C'est par la foi que nous en vivons. Par la foi, nous croyons en la résidence réciproque du Père dans le Fils (n'oublions pas que tout avait commencé par un discours sur la maison). Et simultanément, du même mouvement, nous croyons en la résidence, en Jésus le Fils, de celui qui croit. Sa maison présente, c'est la foi. "Ne crois-tu pas que moi dans le Père et que le Père est en moi ? Les paroles que moi je vous dis, ce n'est pas de moi-même que je les prononce. Mais c'est le Père demeurant en moi qui fait ses oeuvres. Croyez-moi : moi dans le Père, et le Père en moi." La foi réalise la communication aux croyants du nom, c'est-à-dire de la réalité qu'est le Fils. Dans cette double résidence, résidence du Père dans le Fils, du Fils dans le Père, et résidence de chaque croyant en Jésus, le Père fait son travail, le Père est à l'oeuvre.
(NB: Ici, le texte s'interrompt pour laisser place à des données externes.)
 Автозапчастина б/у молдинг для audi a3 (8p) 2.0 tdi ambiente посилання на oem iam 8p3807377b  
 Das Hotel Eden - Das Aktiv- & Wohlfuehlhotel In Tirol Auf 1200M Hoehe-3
"Croyez-moi" : ce n'est pas le "croyez-m'en", qui sert de bouche-trou dans les conversations. Rappelons-nous ! "Croyez en Dieu, croyez aussi en moi."
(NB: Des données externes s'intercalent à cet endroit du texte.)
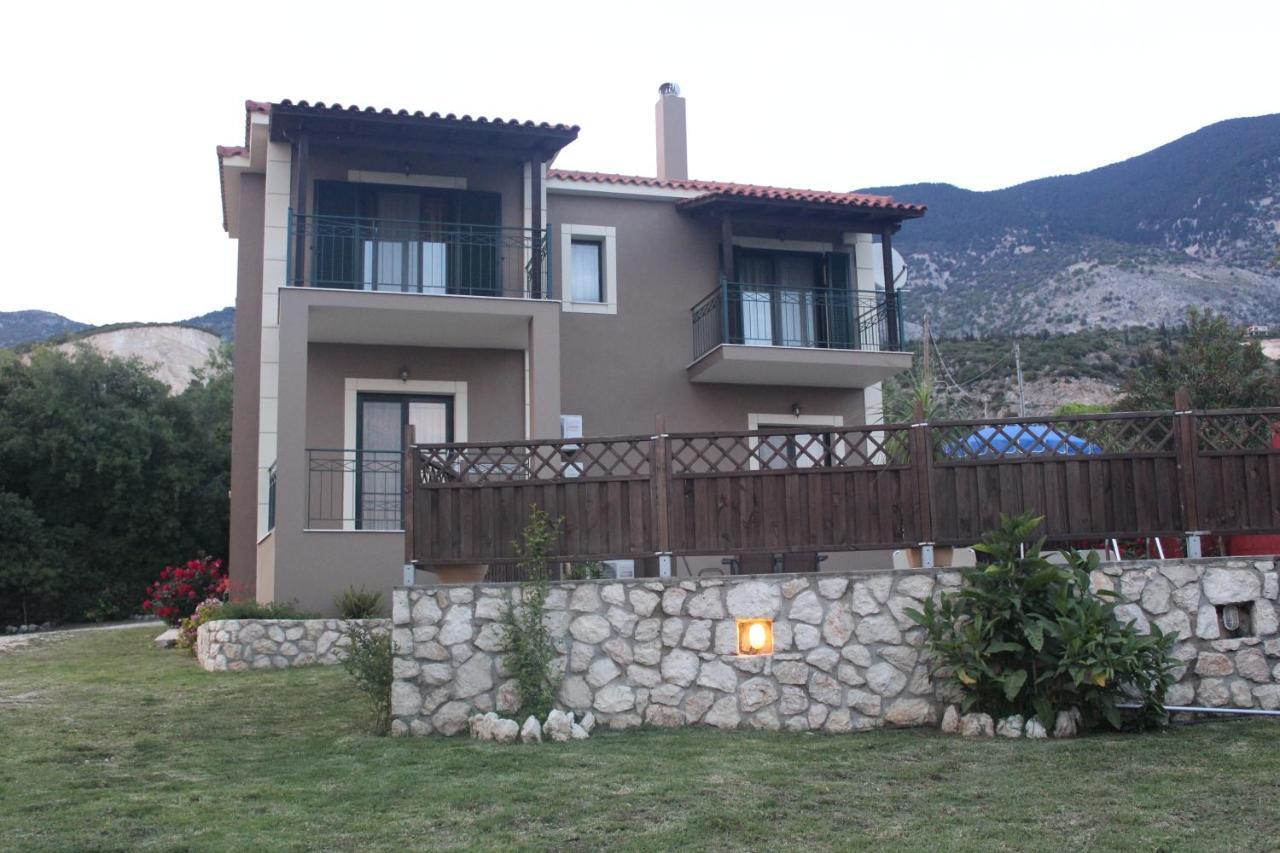 Villa Nefeli Trapezaki  Exterior photo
"Moi dans le Père, et le Père en moi" : il n'y a même plus de verbe. "Sinon croyez à cause des oeuvres mêmes", croyez que le Père fait quelque chose.
"Oui, oui, je vous dis : celui qui croit en moi, les oeuvres que je fais, lui aussi les fera, et il en fera de plus grandes, parce que je pars vers le Père." Nous pouvons demander, nous pouvons désirer, pourvu que nous désirions en fils, pourvu que nous désirions à la place du Fils qui a laissé le champ libre, qui ne bouche plus le chemin, si tant est qu'il l'ait jamais bouché. Nous pouvons désirer, pourvu que nous demandions en fils. C'est le Fils qu'il est qui fera ce que nous demandons et désirons : le Fils qui est en nous, en qui nous sommes, que nous sommes. Le désir du Père ne nous conduit pas à partir, à mourir mais à vivre en lui dès à présent car dès à présent nous le connaissons. C'est chose faite, nous l'avons vu, et la preuve que nous l'avons vu nous la ferons, si, par la foi, nous demandons, si, par la foi, nous désirons, en fils, dans le Fils, comme le Fils.
Le désir n'est plus fatal, porteur de mort, le désir est vivifiant.